Exhibit 10.4
PGIM Private Credit Fund
AMENDED AND RESTATED SUBADVISORY AGREEMENT
Amended and Restated Agreement made as of this [ ] day of [ ], [ ], between PGIM Investments LLC (PGIM Investments or the Manager), a New York limited liability company, and PGIM, Inc. (PGIM), a New Jersey corporation (the Subadviser).
WHEREAS, the Manager has entered into an Amended and Restated Management Agreement (the Management Agreement) dated [ ], [ ], with PGIM Private Credit Fund, a Delaware Statutory Trust (the Fund) and non-diversified, closed-end management investment company that has elected to be regulated as a business development company under the Investment Company Act of 1940, as amended (the 1940 Act), pursuant to which PGIM Investments acts as the Manager of the Fund; and
WHEREAS, the Manager, acting pursuant to the Management Agreement, desires to retain the Subadviser to provide investment advisory services to the Fund and to manage such portion of the Fund as the Manager shall from time to time direct, and the Subadviser is willing to render such investment subadvisory services; and
NOW, THEREFORE, the Parties agree as follows:
1.Powers and Duties of the Subadviser. (a) Subject to the supervision of the Manager and the Board of Trustees of the Fund, the Subadviser shall manage such portion of the Fund’s portfolio as delegated to the Subadviser by the Manager, including the purchase, retention and disposition thereof, in accordance with the Fund’s investment objectives, policies and restrictions as stated in its then current prospectus and statement of additional information (such Prospectus and Statement of Additional Information as currently in effect and as amended or supplemented from time to time, being herein called the Prospectus), and subject to the following understandings:
(i)The Subadviser shall provide supervision of the Fund’s investments and shall determine from time to time what financial instruments and securities will be purchased, retained, sold or loaned by the Fund, and what portion of the assets will be invested or held uninvested as cash. In the event that the Fund determines to acquire debt financing, the Subadviser will arrange for such financing on the Fund’s behalf. If it is necessary or appropriate for the Subadviser to make investments on behalf of the Fund through a special purpose vehicle, the Subadviser shall have authority to create or arrange for the creation of such special purpose vehicle and to make such investments through such special purpose vehicle (in accordance with the 1940 Act).

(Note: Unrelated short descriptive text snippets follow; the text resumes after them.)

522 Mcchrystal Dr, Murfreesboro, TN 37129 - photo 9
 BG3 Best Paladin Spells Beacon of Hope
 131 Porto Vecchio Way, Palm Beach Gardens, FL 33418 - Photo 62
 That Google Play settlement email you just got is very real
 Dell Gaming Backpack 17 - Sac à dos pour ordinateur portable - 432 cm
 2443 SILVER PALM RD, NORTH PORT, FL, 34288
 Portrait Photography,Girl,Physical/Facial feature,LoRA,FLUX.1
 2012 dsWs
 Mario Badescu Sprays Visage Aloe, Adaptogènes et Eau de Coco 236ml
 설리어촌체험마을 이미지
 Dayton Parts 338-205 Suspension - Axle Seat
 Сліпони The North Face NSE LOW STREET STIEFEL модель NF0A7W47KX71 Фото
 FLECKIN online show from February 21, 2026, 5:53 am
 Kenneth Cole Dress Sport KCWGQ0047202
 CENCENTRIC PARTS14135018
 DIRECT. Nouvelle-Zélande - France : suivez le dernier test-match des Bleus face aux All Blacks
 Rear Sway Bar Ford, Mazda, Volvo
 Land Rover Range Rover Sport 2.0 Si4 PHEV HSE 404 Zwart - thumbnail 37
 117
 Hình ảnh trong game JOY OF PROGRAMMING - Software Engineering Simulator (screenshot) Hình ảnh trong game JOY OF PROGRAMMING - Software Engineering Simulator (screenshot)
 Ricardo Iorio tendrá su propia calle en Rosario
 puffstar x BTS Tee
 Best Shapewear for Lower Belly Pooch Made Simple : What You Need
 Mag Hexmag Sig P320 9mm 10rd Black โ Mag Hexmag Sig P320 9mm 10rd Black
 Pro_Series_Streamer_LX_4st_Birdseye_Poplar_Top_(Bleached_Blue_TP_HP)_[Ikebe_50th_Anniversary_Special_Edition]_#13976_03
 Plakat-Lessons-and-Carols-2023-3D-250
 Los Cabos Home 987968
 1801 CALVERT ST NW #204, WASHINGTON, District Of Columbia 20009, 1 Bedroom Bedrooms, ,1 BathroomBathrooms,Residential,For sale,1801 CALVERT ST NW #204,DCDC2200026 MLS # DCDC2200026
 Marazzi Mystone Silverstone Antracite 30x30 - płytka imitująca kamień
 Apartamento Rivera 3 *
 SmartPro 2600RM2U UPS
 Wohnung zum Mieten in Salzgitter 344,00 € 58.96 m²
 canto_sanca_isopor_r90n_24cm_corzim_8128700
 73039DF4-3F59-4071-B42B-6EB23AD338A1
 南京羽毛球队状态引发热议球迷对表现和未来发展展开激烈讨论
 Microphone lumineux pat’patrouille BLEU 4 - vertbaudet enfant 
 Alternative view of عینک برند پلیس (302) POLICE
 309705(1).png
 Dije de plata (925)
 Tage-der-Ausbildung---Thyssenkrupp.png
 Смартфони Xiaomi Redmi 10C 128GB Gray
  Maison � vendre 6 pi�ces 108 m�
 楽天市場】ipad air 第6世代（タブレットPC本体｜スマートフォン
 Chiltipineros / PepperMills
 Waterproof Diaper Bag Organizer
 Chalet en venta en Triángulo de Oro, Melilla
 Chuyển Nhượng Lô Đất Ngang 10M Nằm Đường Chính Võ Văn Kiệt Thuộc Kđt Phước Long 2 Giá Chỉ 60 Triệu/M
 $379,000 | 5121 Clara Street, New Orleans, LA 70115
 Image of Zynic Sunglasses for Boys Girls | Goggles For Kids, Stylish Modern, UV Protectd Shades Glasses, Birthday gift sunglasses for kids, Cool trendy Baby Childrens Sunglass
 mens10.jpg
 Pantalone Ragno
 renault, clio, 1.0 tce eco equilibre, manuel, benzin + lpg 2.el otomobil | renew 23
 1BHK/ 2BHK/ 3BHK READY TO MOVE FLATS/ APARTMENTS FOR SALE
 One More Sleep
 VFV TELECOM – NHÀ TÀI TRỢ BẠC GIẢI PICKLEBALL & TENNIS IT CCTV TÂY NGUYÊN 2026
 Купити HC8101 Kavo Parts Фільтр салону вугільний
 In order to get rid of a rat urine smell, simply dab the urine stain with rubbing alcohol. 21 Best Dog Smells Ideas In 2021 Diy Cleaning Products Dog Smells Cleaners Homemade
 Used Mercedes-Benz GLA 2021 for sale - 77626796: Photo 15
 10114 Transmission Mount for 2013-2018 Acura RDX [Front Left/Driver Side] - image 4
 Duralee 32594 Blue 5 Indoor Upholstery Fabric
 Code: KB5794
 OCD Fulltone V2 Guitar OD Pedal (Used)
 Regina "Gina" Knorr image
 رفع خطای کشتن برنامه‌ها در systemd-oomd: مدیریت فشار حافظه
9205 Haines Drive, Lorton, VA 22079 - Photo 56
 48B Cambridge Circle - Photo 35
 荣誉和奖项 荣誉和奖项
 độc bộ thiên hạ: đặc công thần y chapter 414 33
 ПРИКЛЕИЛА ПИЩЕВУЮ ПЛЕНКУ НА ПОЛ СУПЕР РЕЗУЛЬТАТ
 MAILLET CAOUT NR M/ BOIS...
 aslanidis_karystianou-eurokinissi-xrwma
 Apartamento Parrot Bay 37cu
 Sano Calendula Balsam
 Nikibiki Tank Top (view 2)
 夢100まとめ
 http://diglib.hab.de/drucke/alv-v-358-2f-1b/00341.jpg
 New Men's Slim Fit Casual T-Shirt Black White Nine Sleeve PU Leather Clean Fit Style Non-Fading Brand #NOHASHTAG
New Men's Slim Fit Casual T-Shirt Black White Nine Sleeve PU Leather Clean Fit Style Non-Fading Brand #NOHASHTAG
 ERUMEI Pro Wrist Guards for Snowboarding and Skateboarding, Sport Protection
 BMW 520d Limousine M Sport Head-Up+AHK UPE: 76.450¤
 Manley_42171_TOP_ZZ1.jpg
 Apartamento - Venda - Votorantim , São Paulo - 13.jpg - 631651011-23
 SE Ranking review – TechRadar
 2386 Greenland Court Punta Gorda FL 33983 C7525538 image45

(ii)In the performance of its duties and obligations under this Agreement, the Subadviser shall act in conformity with the copies of the Declaration of Trust of the Fund, the Bylaws of the Fund, the Prospectus of the Fund, and the Fund’s valuation procedures and any other procedures adopted by the Board applicable to the Fund (and any amendments thereto) as provided to it by the Manager (the Fund Documents) and with the instructions and directions of the Manager and of the Board of Trustees of the Fund, co-operate with the Manager’s (or its designees’) personnel responsible for monitoring the Fund’s compliance and will conform to, and comply with, the requirements of the 1940 Act, the Internal Revenue Code of 1986, as amended, and all other applicable federal and state laws and regulations. In connection therewith, the Subadviser shall, among other things, prepare and file such reports as are, or may in the future be, required by the U.S. Securities and Exchange Commission (the Commission) and will assist the Manager, as needed, with any required filings with the Commission that may be filed by the Manager. The Manager shall provide the Subadviser timely with copies of any updated Fund Documents.